Del resto, basta effettuare una veloce ricerca su internet per trovare società che offrono il rilascio della certificazione energetica al prezzo di 70, 60 o perfino 40 Euro, quando il prezzo di mercato di una certificazione effettuata in modo serio e conforme è intorno ai 400-500 Euro. Come si legge nel già citato rapporto del CTI, “rappresentando una nuova potenziale fonte di reddito per molti soggetti, l’aspetto della concorrenza si concretizza in una gara al ribasso che pone fuori mercato i professionisti più seri”. In assenza di controlli, si afferma un “mercato dei bidoni”: certificati di bassa qualità emessi a prezzo più o meno basso. In assenza della fiducia che un sistema credibile di controlli instaurerebbe nel mercato, molti clienti rinunciano all’aspetto qualitativo del certificato, alla possibilità di avere un servizio di qualità che permetterebbe di misurare le prestazioni energetiche degli edifici e quindi di stimare meglio i consumi futuri, e si accontentano di avere dei “pezzi di carta” inutili ma richiesti dalla legge, ottenuti al minor prezzo possibile. Se da un lato il problema è certamente culturale e riconducibile a una scarsa consapevolezza dell’importanza della problematica energetica ed ambientale, dall’altro appare chiaro che un sistema credibile di certificazione non può essere instaurato se non è affiancato da un sistema credibile di controlli. Il certificato diventa davvero un “pezzo di carta” inutile, se non è possibile essere certi della sua affidabilità.
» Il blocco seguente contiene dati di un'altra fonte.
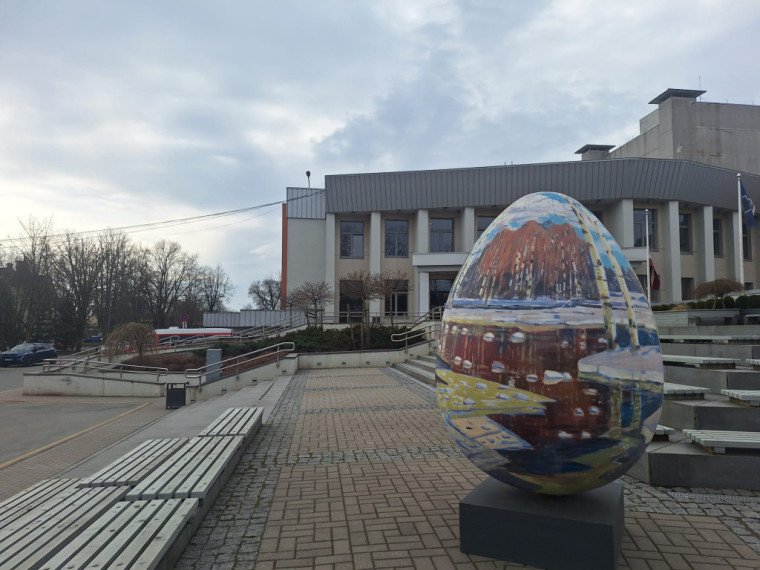 FOTO: Ogre ietērpusies Lieldienu dekorācijās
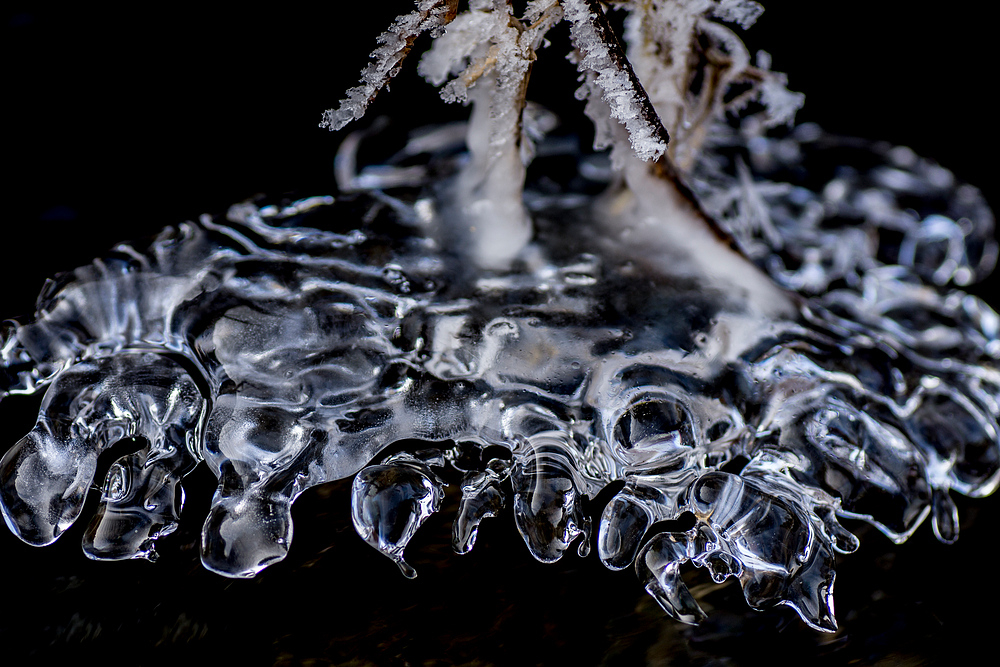 Eisgebilde im Bach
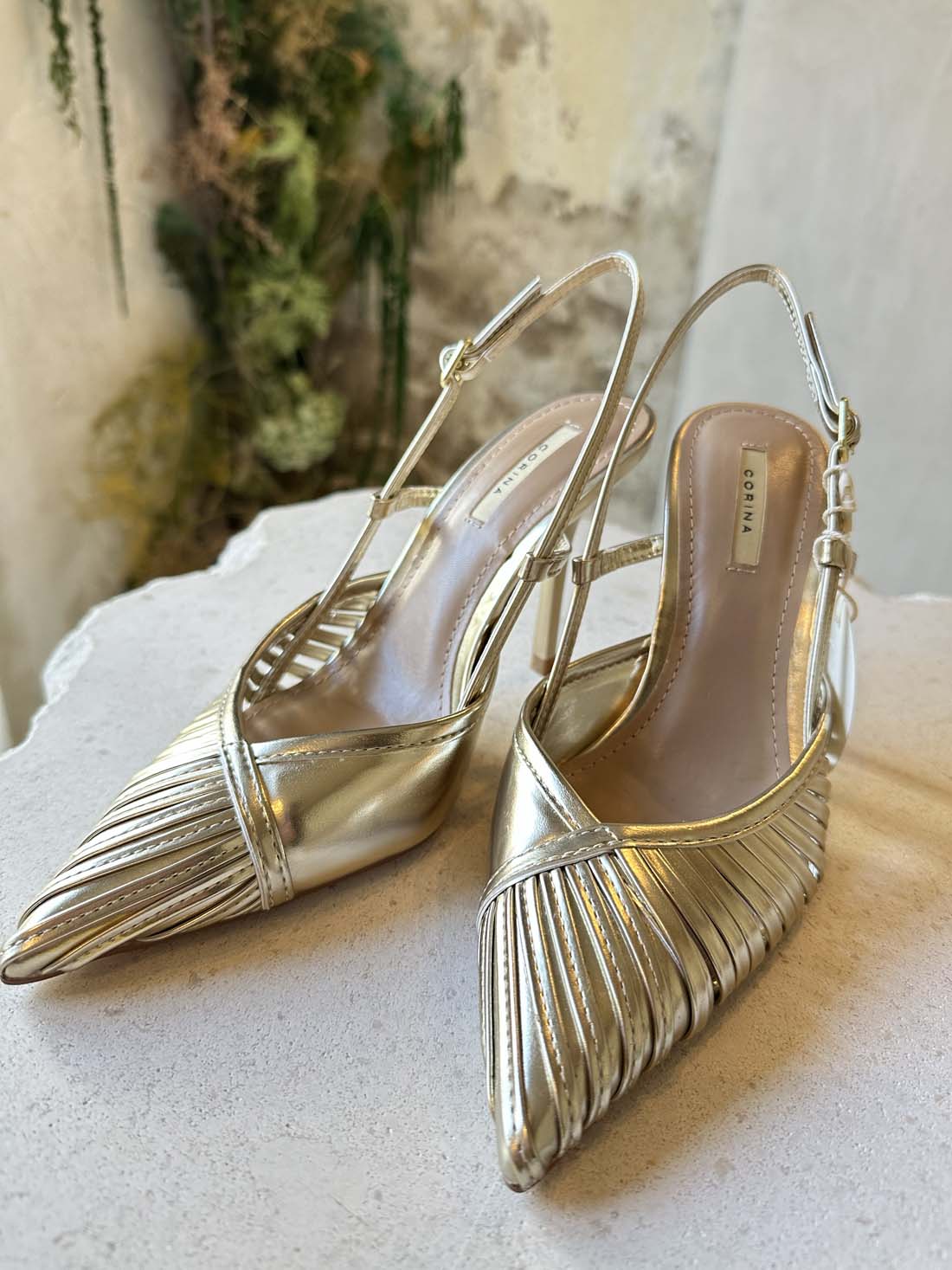 Zapatos de salón dorados para mujer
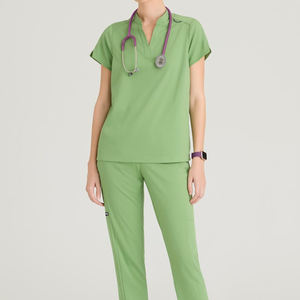 Top exfoliante con cuello en V de corte moderno para mujer Top con manga de muesca y cuello con 2 bolsillos Sweet Basil - Product Image 4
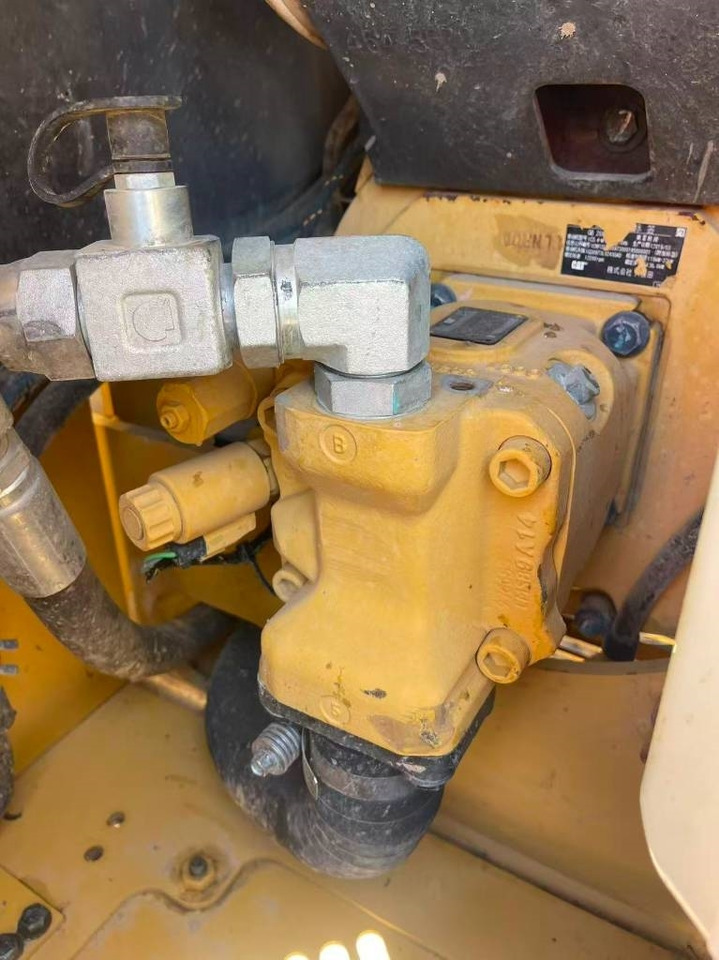 CAT 307.5 - Mini excavator: picture 5 CAT 307.5 - Mini excavator: picture 5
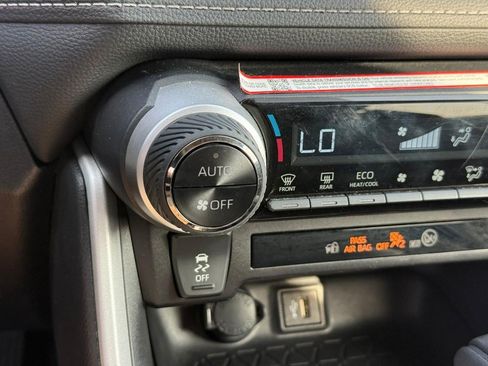 Certified 2025 Toyota RAV4 XLE FWD image 25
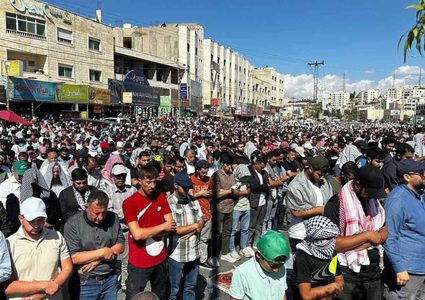 عشرات آلاف الأردنيين يشاركون في وقفات ومسيرات غاضبة دعما لفلسطين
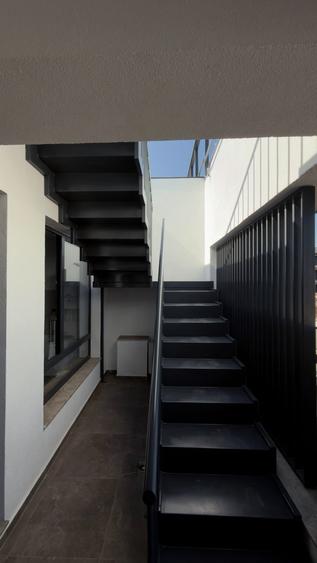 Penthouse cu 5 camere semidecomandat în Pipera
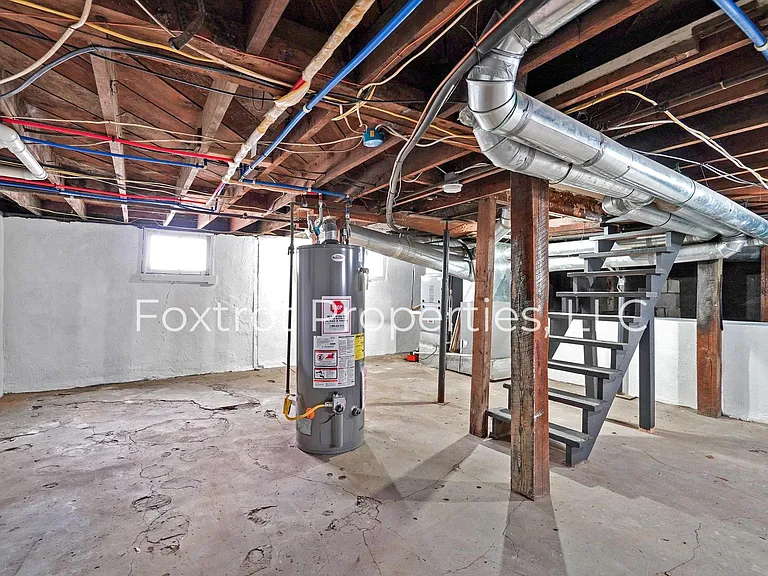 1609 E Cherry St — Photo 22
MORALE DELLA FAVOLA: DAGLI ADEMPIMENTI FORMALI AI REQUISITI PRESTAZIONALI
In questo modo vanno in pezzi proprio quella fiducia e quella credibilità che rappresentano la ragione stessa di esistere di un sistema di certificazione. E ciò accade in un campo strategicamente importante come quello dell’efficienza energetica degli edifici, nel quale l’Italia ha un bisogno disperato di fare passi avanti.
Più in generale, nella costruzione di un sistema credibile di misurazione e certificazione della qualità edilizia, un passaggio importante è quello che porta da certificazioni ed auto-dichiarazioni basate su adempimenti formali nei processi produttivi, a certificazioni basate sulle prestazioni dei prodotti finali ed eseguite da enti terzi. E un sistema di controlli efficaci e credibili sulle certificazioni è un elemento indispensabile, se si vuole instaurare un grado di fiducia sufficiente a permettere al sistema di certificazioni di svolgere il suo importante ruolo.
[1] Decreto legislativo 192 del 2005, successivamente modificato ed integrato dai decreti 311/2006, 115/2008 e dal D.M. 16/6/2009.